Automating Maintenance Workflows
Truck fleet maintenance can be automated to streamline processes and get your vehicles in and out of the shop quickly. From receiving service reminders for upcoming preventive maintenance to viewing work order status in real time, fleet management software helps you reduce downtime by creating workflows that suit your fleet.
Tracking work orders with software gives you a comprehensive line item breakdown, enabling you to view issues, track technician productivity and monitor repair expenses. Whether you manage maintenance in house or outsource to a third party, you can avoid surprise line items and control expenses to stay within your budget.
Planning Maintenance for Specialized and Upfitted Trucks
Outside of more conventional trucks, many fleets operate specialized assets that are designed for specific purposes, like [waste management or utility trucks. Each of these come with their own challenges regarding maintenance and tracking, so developing truck fleet maintenance strategies that make sense for your fleet is imperative.
Leveraging configurable fleet management software allows you to create systems and workflows that maximize the efficiency of your specialized assets. Fleet managers have complete control of how they manage their assets and gain maximum visibility throughout their operation.
Tailoring Inspection Forms
Whether your trucks are upfitted or have special features, traditional paper inspection forms don’t work for your fleet, as they leave off important aspects that must be inspected for safety. Using fleet management software to manage inspections allows you to customize your inspection forms to include items like:
- Ladder racks
- Packer blades
Including these items in your vehicle inspection process allows your operators to quickly identify issues and communicate them with you to avoid compounding issues and unnecessary downtime.

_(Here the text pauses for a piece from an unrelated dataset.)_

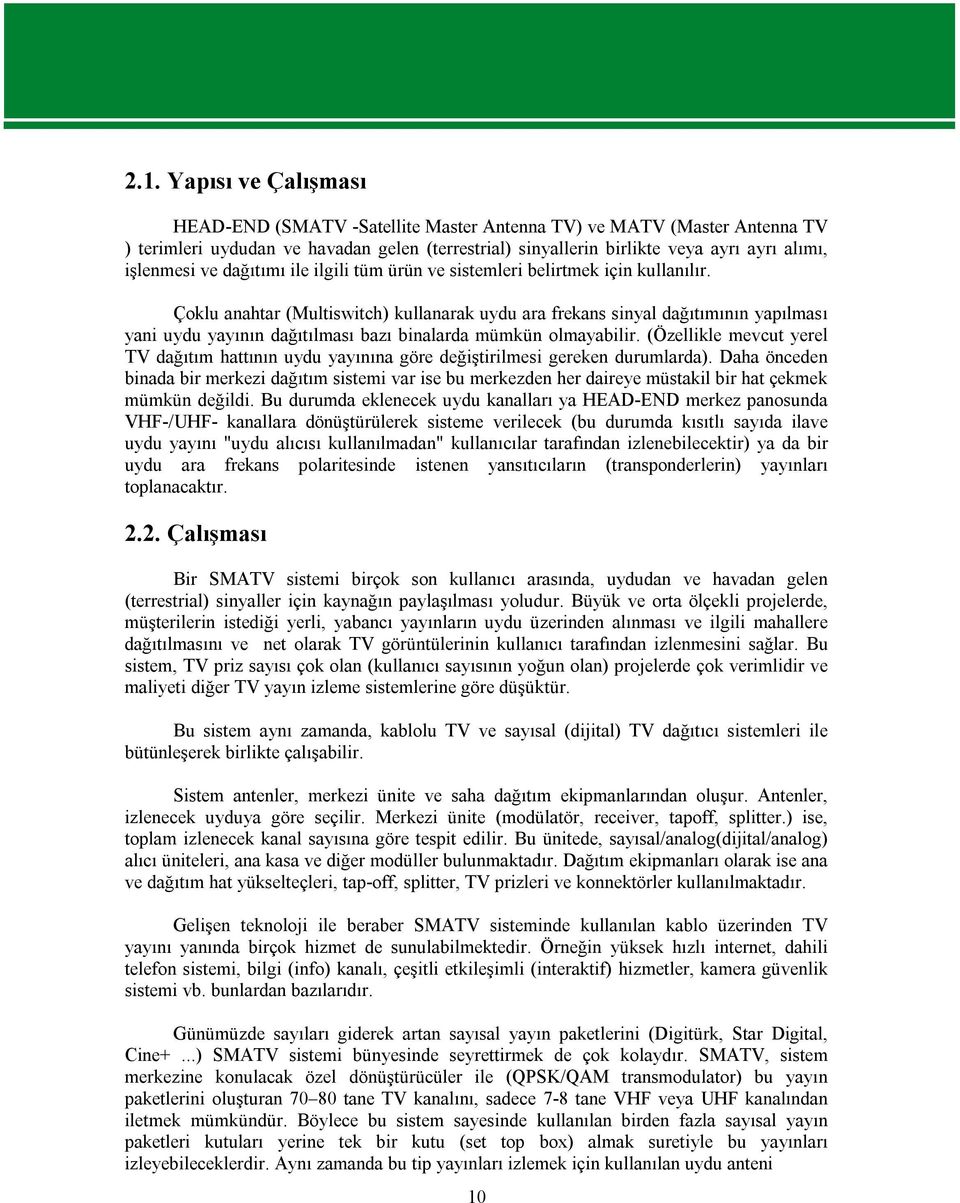 Çoklu anahtar (Multiswitch) kullanarak uydu ara frekans sinyal dağıtımının yapılması yani uydu yayının dağıtılması bazı binalarda mümkün olmayabilir.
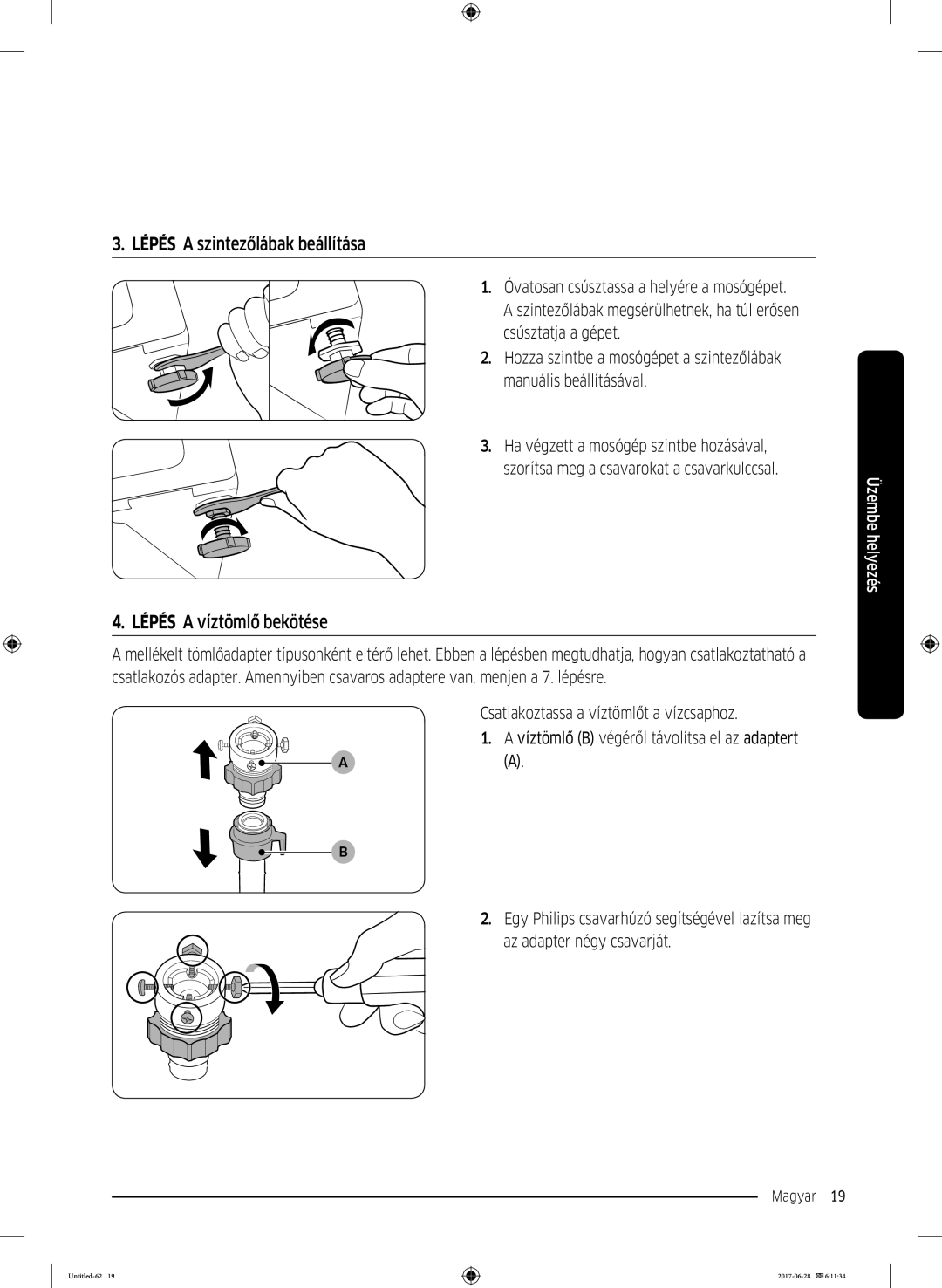 Samsung WW80J5246FW/LE manual Lépés a szintezőlábak beállítása, Lépés a víztömlő bekötése, Az adapter négy csavarját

Optimizing Maintenance Schedules
Because specialized assets are so expensive, you often don’t have back-up vehicles if breakdowns occur. This can be a problem for fleets that don’t have the luxury of a flexible schedule. Handling truck fleet maintenance efficiently is important to maintaining uptime and avoiding serious issues on your routes.
Along with automating service reminders for preventive maintenance, fleet managers must carefully schedule maintenance to avoid conflicting with the workday. For waste management fleets, this may mean scheduling all maintenance in the afternoon or evening. Utility fleets may need to take the weather into account, as strong storms may cause your fleet to be busier than usual.
As a fleet manager, you must oversee every aspect of the maintenance process. Fleet management software empowers you to manage all maintenance activity in real time, schedule repairs efficiently and track all expenses and service history to make the best decisions for your fleet’s future.